# Physics explanation of charging time by increasing dielectric constant

I am having a problem understanding in physics of the relationship between charging time and dielectric constant of a parallel plate capacitor. I'd like about physics aspect not based on time constant. If dielectric constant increases then capacitance also increases and so the time constant RC. However, how would you explain it in physics?

With dialectic material between two plates of capacitors, the electric field is reduced. But how that affect the time constant?

• I will answer your question when I am at school. I will also try to talk to my physics teacher. Feb 2, 2016 at 4:39
• Try physics stack exchange. Feb 2, 2016 at 8:41

Capacitance of a parallel place capacitor is related to the dielectric constant, area, and distance between plates by a very simple equation:

$$C = \frac{\epsilon_r \epsilon_0 A}{d}$$

Where $C$ is capacitance, $A$ is plate area, and $d$ is the separation between plates. $\epsilon_0$ is the permittivity of free space and $\epsilon_r$ is the relative permittivity.

The voltage across a capacitor at any given instant is given by:

$$V = \frac{Q}{C}$$

Where $V$ is voltage, $Q$ is the charge on the plates, and $C$ is the capacitance.

So clearly as capacitance increases, the amount of charge required for a given voltage across the plates will also increase proportionally.

If you require more charge, it will take longer to reach a given voltage if you have the same initial current - which in an R-C circuit is governed by the resistor. In essence at time $t=0$, if there is no charge on the capacitor, all of the voltage is across the resistor, so this sets the maximum current. As the capacitor charges, the voltage across the resistor will decrease (it increases over the capacitance), so current decreases (Ohms law).

Given that current is the rate of change of charge, then with the same limitation on current, it will take longer to charge the larger capacitor to a given voltage.

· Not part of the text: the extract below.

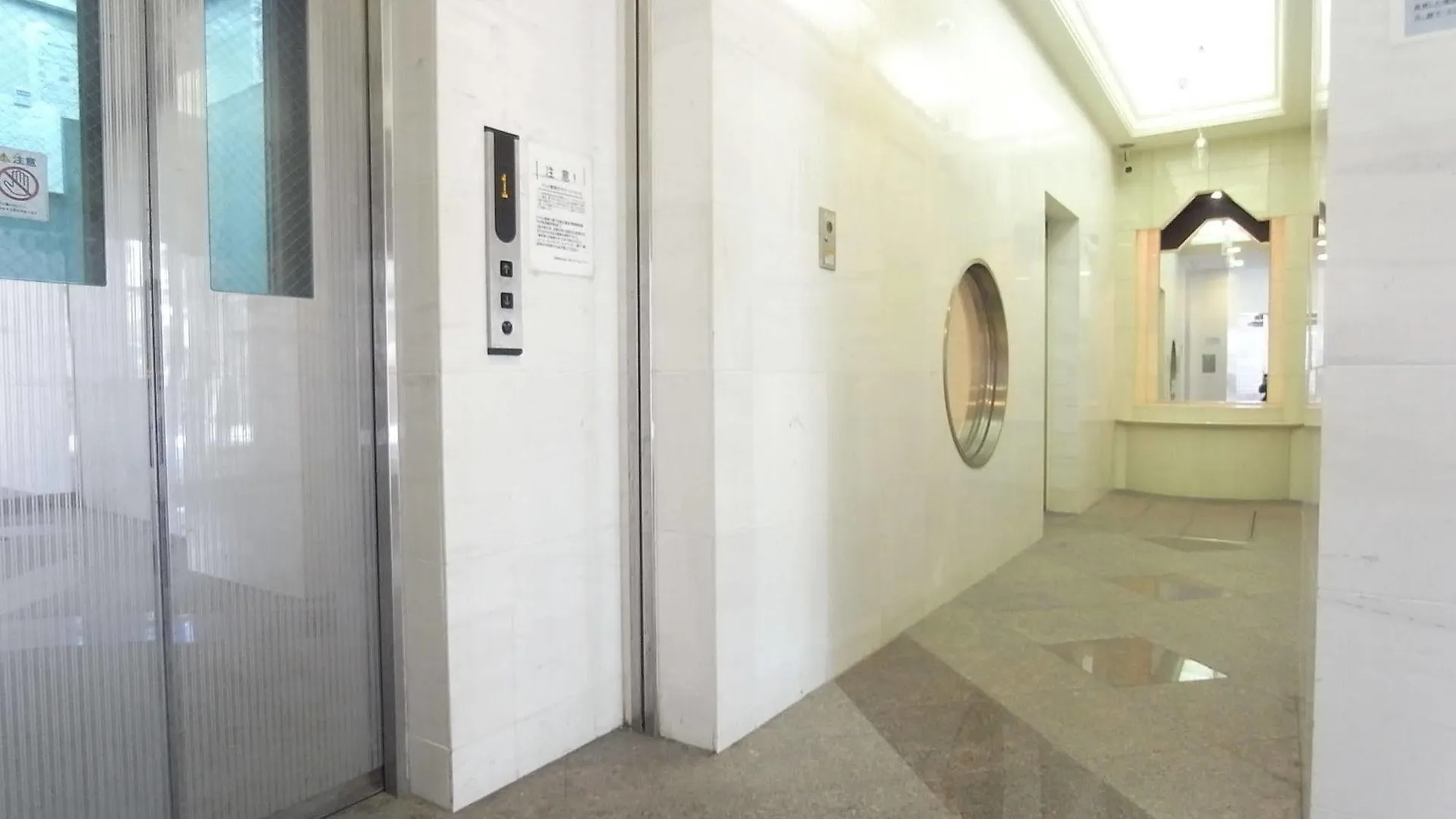 Apartment Palace Studio Shibuya Honmachi Tokyo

• Well, thanks for the answer. This is not a homework. I am not at school anymore. However, I think you misunderstood my question. I know that formula and how increase dielectric constant also increase time constant. But what I am stuck is how to explain it in physics. With dialectic material between two plates of capacitors, the electric field is reduced. But how that affect the time constant? (Not using time constant) Feb 2, 2016 at 4:19
• @user3126592 see my update. Is that what you were thinking? Otherwise it may have to start moving into the realm of differential equations. Or I could be completely off the mark as to what you are trying to find out. Feb 2, 2016 at 4:27
• You used the formula V = Q/C with two different capacitance C1, C2 and C1>C2. For example to reach a given voltage both capacitors have the same initial current but the larger one will need more charge and so it takes more time. If I understand you correctly that is your argument. But I think that is not complete. How would you exclude the case where the larger capacitor will have charging rate much much faster? So finally it will get the target voltage before the smaller one. I know in reality it is wrong but how can we explain this? Feb 2, 2016 at 4:51
• @user3126592 For that to be the case, the resistance in the R-C circuit would have to be lower for the larger capacitor. If that was the case then yes it would charge faster, but equally the time constant would be lower as $\tau=RC$. The RC constant can be derived as correct by analysis using differential equations. I can add that to the answer in the morning, but it's just gone midnight here, so need some rest. Feb 2, 2016 at 5:05
• Thank you. I can do it myself but I was stuck at understanding it in physics. Feb 2, 2016 at 19:12

Simply said: the effect of an electric field on a dielectric medium is a displacement of the electron clouds with respect to the atomic nuclei. Said effect is called polarization. This displacement requires additional coulombic force (and energy), therefore more charge is needed on the plates of the capacitor, in effect increasing it's capacitance. And increasing capacitance also increases charging time as long as you keep current fixed (i=C*du/dt).